Do you still think that leadership is more about leading other people’s lives rather than merely your own? You do? Well, then answer these questions before you impose your lead on others.
Do you have a strong drive to lead?
Is it strong no matter the circumstances?
There is a third question, but I’m afraid if you answered ‘yes’ to the first two, then you are not equipped to answer this one.
Are you capable of leading?
In your case (if you answered ‘yes’ to the first two questions), only followers can answer accurately whether you are capable of leading.
If you insist that you are capable to be the leader, no matter the circumstances, then please consider this. Your leadership drive is merely your ego clamoring for attention.
The leadership pyramid paradox
Egos clamoring for attention remind me of another of my favorite leadership dilemmas. (Indeed, there is more than one.) I think I’ll call it the Leadership Pyramid Paradox.
The more you are promoted, the higher up you go in the organization. (Obvious!) If you are a wise and effective leader, then you understand that the higher up your perch, the less it is about you and the more it becomes about your colleagues and your team.
Here’s the paradox. The higher up you are, the more visible you become. The more visible you are, the more your ego is fed. The more bloated your ego, the less space you have to include others.
And the easier it becomes for you to say, and act, ‘I’ instead of ‘we’. (Just in case there is at least one more silly old fool, apart from me, reading this, allow me to explain. If it is all about ‘I’ and not about ‘we’, then we-the-followers will desert you and you will once again be a leader of one.)
The leadership trick is to remember that height gives you vista, the view to see all of your colleagues (or, if you must, your ‘followers’). And then to use your perch on the pyramid, not to shine, but to reflect, in both meanings of the word.
Managing our leaders
I get annoyed when people act as if leadership and management are interchangeable. And I get even more annoyed when people think that leadership is more important than management. Leadership has become more glamorous and financially rewarding, but more important? I don’t think so.
A leader will stand on a river bank and say, ‘Boys, see how green the grass is on the other side. We must get there as soon as possible.’ You can trust me on this one — nothing will happen unless a manager-type quietly goes to work.
And what does this manager-type do?

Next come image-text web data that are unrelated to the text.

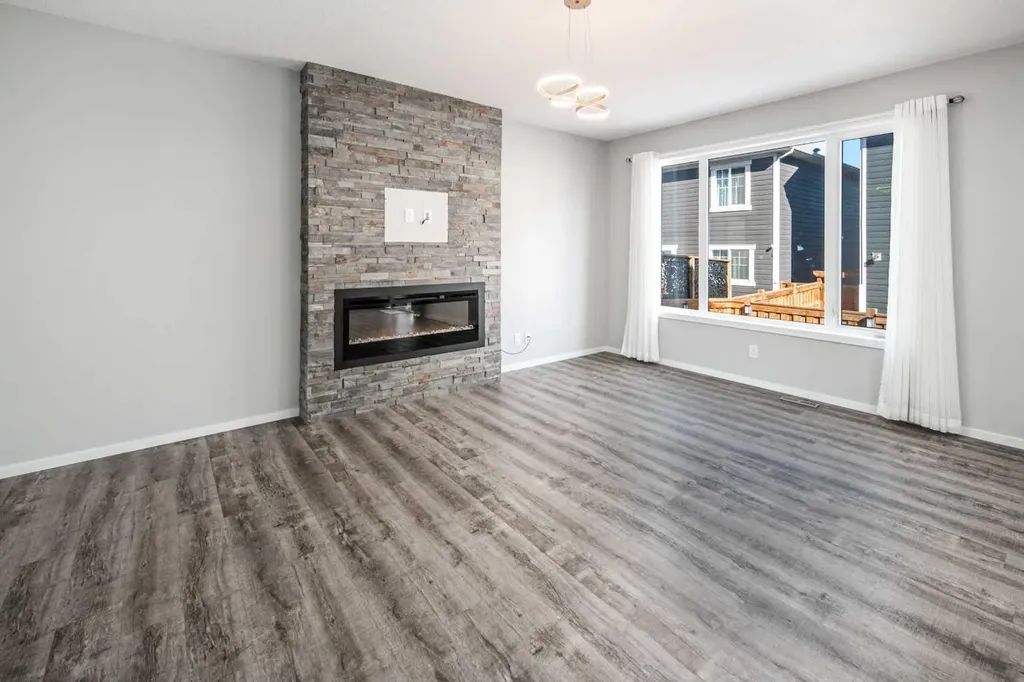 94 Yorkstone Heath SW Calgary AB T2X 4S3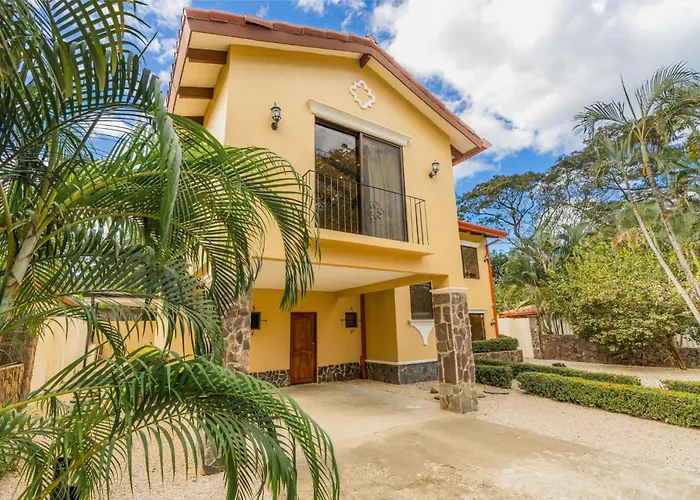 Elegant Surfside Retreat With Private Pool Spacious Outdoor Patio & Walkable Access * Potrero (Guanacaste)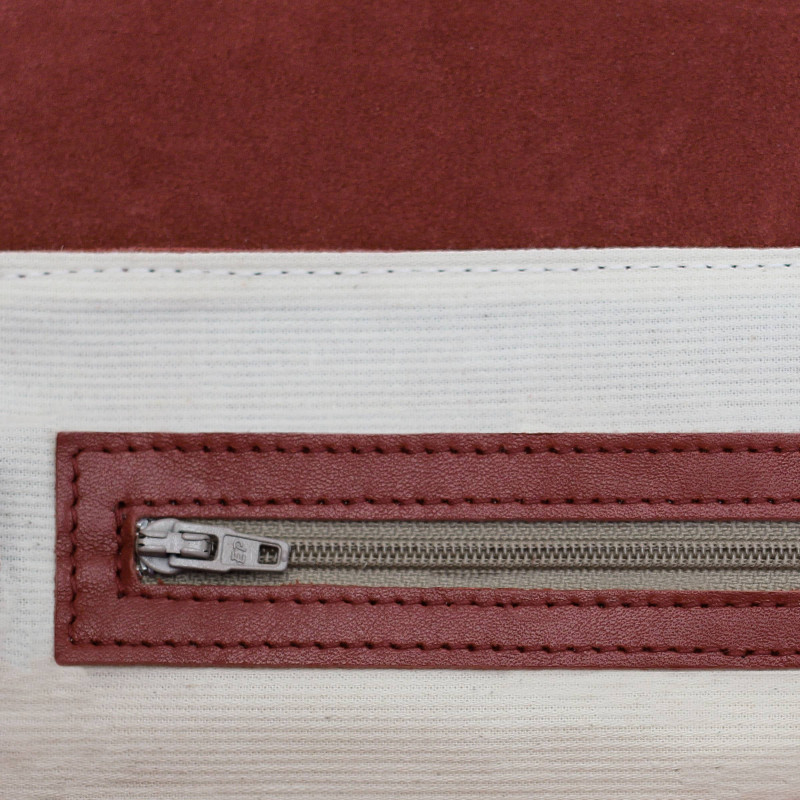 gros plan sac bandoulière cuir rouge jules & jenn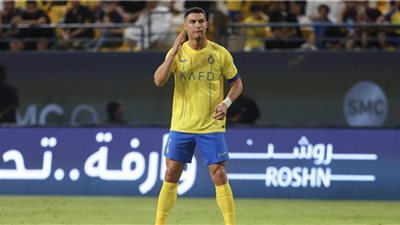 رونالدو يثير الجدل بإشارته نحو حكم ساحه مباراه النصر والإتفاق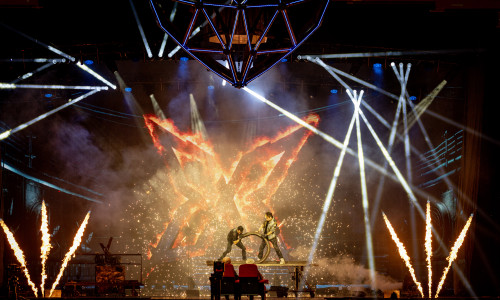 Die Ehrlich Brothers zündeten ein Feuerwerk.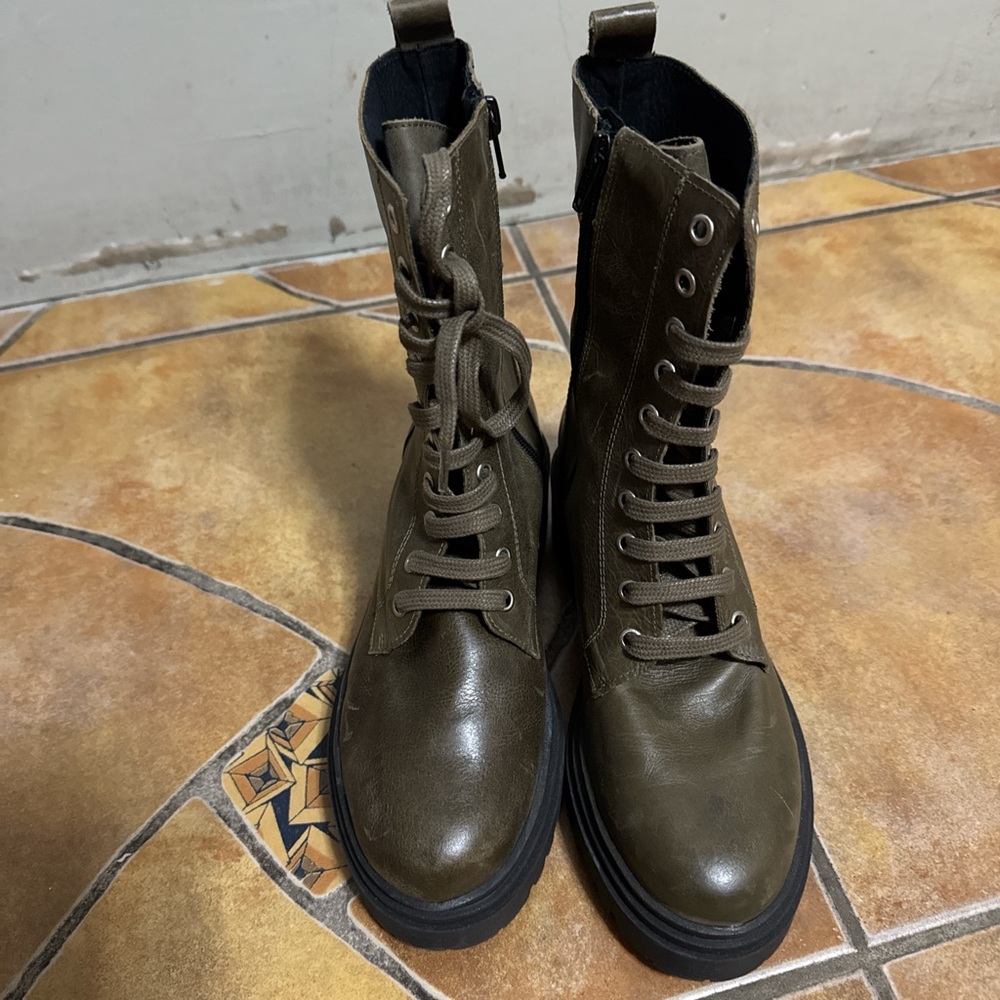 Helene Rouge upper leather boots.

Without being told to, he or she breaks the vision down into action steps, determines the appropriate sequence of events, selects the right people for the tasks, secures the needed tools and materials, and defines performance measures to ensure the project stays on track.
Leaders might get things envisioned, but managers get things done.
You can fake leadership and management for a moment, but boss is for real
What’s the first thing you discover on your first day at work? That’s right! Who’s the boss!
The boss can be a leader or a manager or even both. Here’s the interesting thing. The organization decides if the person is a boss; results decide if the boss is a manager; and we decide whether the manager is a leader. In that order.
Nonsense is always at work and it always creates a divide — sense versus nonsense. Hence we have manager on the one side and leadership on the other. But which side is sense and which side is nonsense? Here’s how to tell.
Ask yourself, is leadership nonsense? Yes, when a specific situation requires management instead. Is management nonsense? Yes, when leadership is needed.
But what about boss? Well, within hierarchies of power, managers and leaders are also bosses. There is no nonsense divide in ‘boss’ — either you are the boss, and act it, or you are not.
You can fake leadership for a while and you can play at management for a moment, but boss is for real.
May the nonsense be with you.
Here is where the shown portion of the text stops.